Optimizing Fonts for the Web: Unicode values, glyph set, underlines, and strike-through

November 3, 2011

This is the second in a series of articles from Typekit’s resident type designer, Tim Ahrens, on how we optimize fonts for the web. Read the first article.

Unicode values

Whenever text is stored or transmitted digitally, it is done so using the computer’s favorite language: numbers. If you type an “A”, for example, it is actually stored as “65.” This system only works if all computers agree upon which number corresponds to which character. Fortunately, Unicode provides this standard, and is supported by practically all computers today. When a web page is rendered, the browser reads the text – in other words, the numbers – from the website; then for each character, it looks to the font for the corresponding glyph — the drawer with that number on it, figuratively speaking.

Not all glyphs in a font have a Unicode value attached, however. Those glyphs without a number label can only be used if they are made accessible through OpenType features. These are substitution rules stored in the font, which “redirect” to a different drawer when activated. Not all browsers support OpenType features yet but their support is growing.

Some desktop fonts will have additional glyphs (such as a foundry logo) that have no Unicode value nor are they available via OpenType; since these glyphs can never be used on the web, they should be deleted in order to save file size.

Left, symbols from Allumi and their Unicode values. Right, a symbol from Freight Sans which has no Unicode value and cannot be used safely on the web.

Additionally, some fonts may even have glyphs consciously attached to the wrong code points, and come with usage instructions so you know which character contains which image. This can be a sensible strategy if it allows you to simply type in certain glyphs (even logotypes) through your keyboard. If the document is subsequently printed, this hack is invisible on paper, and all that matters is what you can see.

On the web, however, things are different. Not only should the website look like we want it to, we also need to make sure the underlying code is standards-compliant so that search engines, screen readers, translation tools, or web archives can make sense of the text. This is why we make sure that each “drawer” contains what it says on the label, so as not encourage font use that may look like it should but contradicts the principles of the web. (This is also why we do not accept symbol fonts in our library: since no Unicode values yet exist for most of those characters, the only way to use them is to map the images to letters and numbers. The result is gibberish for anyone using an alternate means of reading the site.)

Adding the non-breaking space and soft-hyphen

The text we put on a web page can contain two very useful characters. The non-breaking space (&#nbsp;) is essentially a regular space with the additional quality that it does not break across lines. The soft hyphen (­) looks the same as a normal hyphen, but rendering engines know that it should be omitted unless it is actually used in a line break.

These two characters should not be necessary in any font since their visual appearance is by definition the same as their standard counterparts. In fact, desktop applications use the latter whenever necessary. Many foundries don’t even include the additional glyphs for non-breaking space and soft-hyphen in their fonts, which is, in some sense, the technically cleaner solution.

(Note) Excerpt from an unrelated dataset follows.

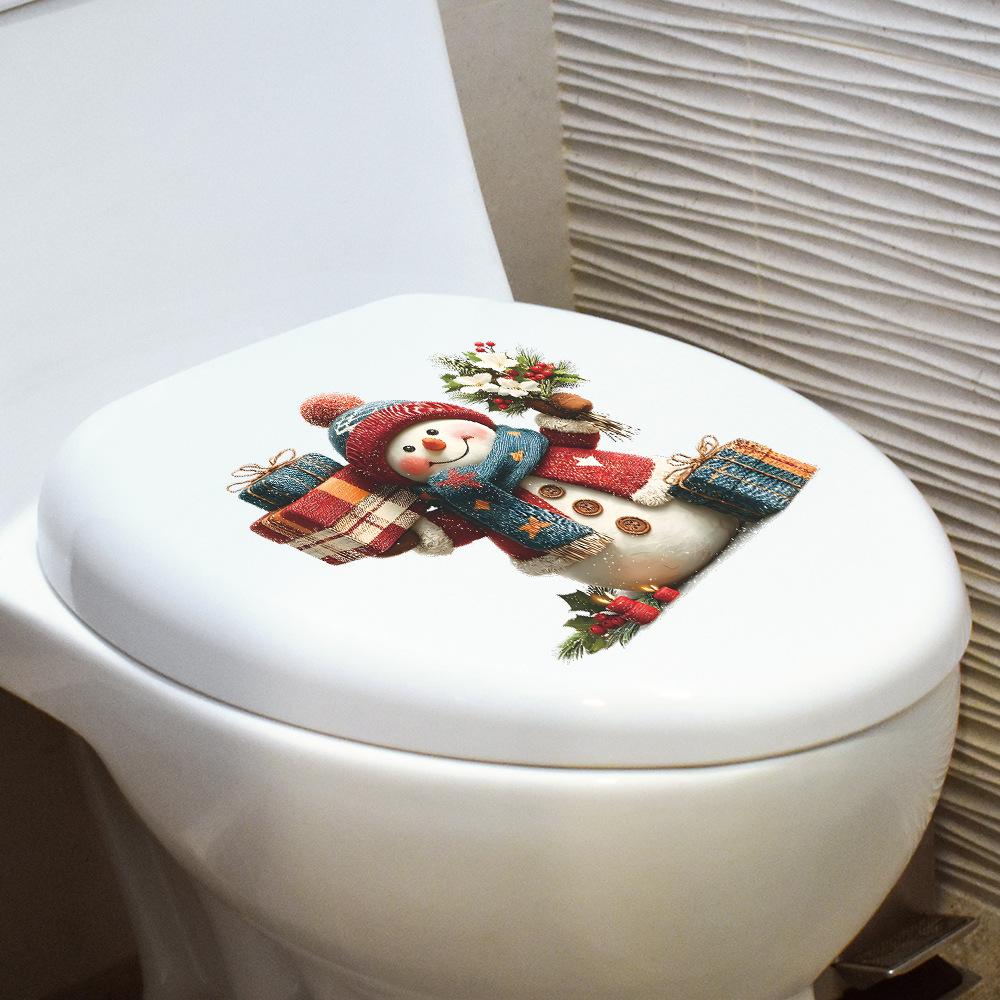 Cartoon Christmas Snowman Flowers and Gifts Bathroom Toilet Stickers Decorative Stickers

However, some browsers switch to fallback fonts when these characters are not present in the font, so at Typekit we add them to the fonts we receive if necessary.

Vertical metrics

On the desktop, vertical metrics values in a font are generally ignored, but on the web, they become incredibly important. When determining the line spacing in a paragraph of text, the browser either follows the line-height specified via CSS, or calculates a default value from the ascender, descender, and line gap values stored in the font. While the line height is something that should ideally be chosen and set consciously by the web designer, not everyone does this; as a web font provider, we have to make sure the default line height is consistent across all browsers. This is not a trivial task for historical reasons: a font contains as many as three values each for the ascender and descender, plus two for the line gap. Applications apply these values in different ways – and by no means in compliance with the specification.

The key vertical metrics: ascender, cap height, x-height, and descender.

For example, above, some of the letters protrude above the ascender and descender values, either because of optical compensation or because they contain diacritics. From a technical point of view, these must be included in the ascender and descender values in order to avoid clipping.

Underline and strike-through

Each font contains information on the ideal position and thickness of the underline and strike-through line. However, these values are completely ignored by all desktop applications, which typically use a hairline at a default position. So far, foundries have had no reason to set these values in their desktop fonts carefully. But many browsers do adhere to these instructions, so they need to be evaluated and adjusted for web fonts. Neither underlines nor strike-throughs can be set on a purely objective basis; just like hinting, they are partly a design decision. For many fonts, we manually set these instructions based on our own assessment of what looks best.

For heavier fonts (here: FacitWeb bold), the underline weight is chosen to match the design. The crossbar of the e is a good visual reference. The position is chosen to strike roughly through the middle of the descenders and to leave an appropriate gap on the baseline.

In our next post, we’ll talk about both TrueType and PostScript hinting; the latter, while not as difficult or critical as TrueType hinting, is still important and, of course, has its own set of unique constraints.

10 Responses to “Optimizing Fonts for the Web: Unicode values, glyph set, underlines, and strike-through”

  1. Paul Topping Says:

    Your statement “Those glyphs without a number label can only be used if they are made accessible through OpenType features.” might only be true on the web. Desktop OSs support access of glyphs via their “glyph index”. I am assuming that existing web font mechanisms do not support such mechanisms. This would allow access to characters representing logos, etc. without interfering with software that attempts to read the page.

    • Tim Ahrens Says:

      Paul, your assumption is correct – while some desktop applications allow to insert any glyph from the font (internally handling it by index), this is not possible on the web. The two environments have somewhat different “rules of the game”, therefore we make modifications to the fonts. This is what this series of blog posts is about.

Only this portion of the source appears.